Por un momento creo ver lo que no es y en mi pensamiento se dibuja, con trazos firmes de pinceladas profundas, una serie de líneas que dibujan lo que veo, aunque debería decir mejor lo que siento. Me sucede lo de cada verano desde hace veintiseis: un tema se apodera de mi y emerge del fondo de mi inconsciente, va tomando cuerpo y potencia y desplaza a los demás dejándolos en espacios secundarios; un solo tema recurrente, tan amplio como no puedo saberlo todavía, literario, intelectual, gráfico, artístico, arquitectónico, de pensamiento, de filosofía, de todo lo que pueda llegar a caber en esta decsripción, que debe compilarse en una palabra genérica: conocimiento. Ansío conocer aquello, que disperso se ha ido acumulando durante años a pàrtir de la lectura de fragmentos de este particular universo. Los fragmentos existen y componen un fresco incompleto, debo localizar lo que falta y componer, tesela a tesela, el mosaico. Y debo empezar ya mismo: se trata del mundo de la cultura y la historia de Japón.

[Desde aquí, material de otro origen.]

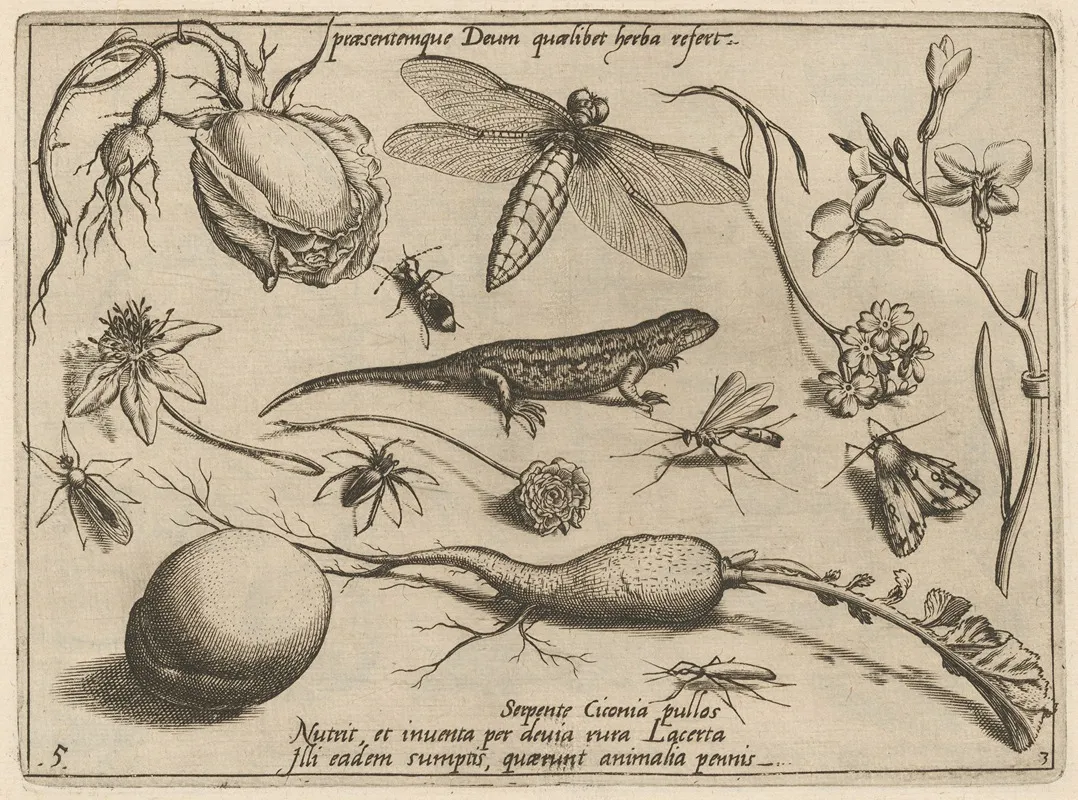 Archetypa Studiaque Patris Georgii Hoefnagelii Pl 33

Al volver la mirada hacia la carretera por la que fluyen los coches, en carrusel sujetos a la línea de luces rojas y brillantes de sus pilotos traseros, y viéndolos percibir la inmensa vaguedad del espacio abierto en el que las cimas de la sierra de Guadarrama se lanzan hacia el paso de Somosierra, al noreste de mi posición, mientras la luz del día se transforma en dulce anochecer, me viene al pensamiento la palabra "sumiye" y comprendo, porque lo veo en mi mirada, lo comprendo en el paisaje desvaido, que una vez más se ha dibujado en trazos firmes, sin posibilidad de error, el paisaje del sentimiento y no el de la razón. La línea de las montañas y del fondo del valle dibujan un espacio vacío que es el que llena mis ojos.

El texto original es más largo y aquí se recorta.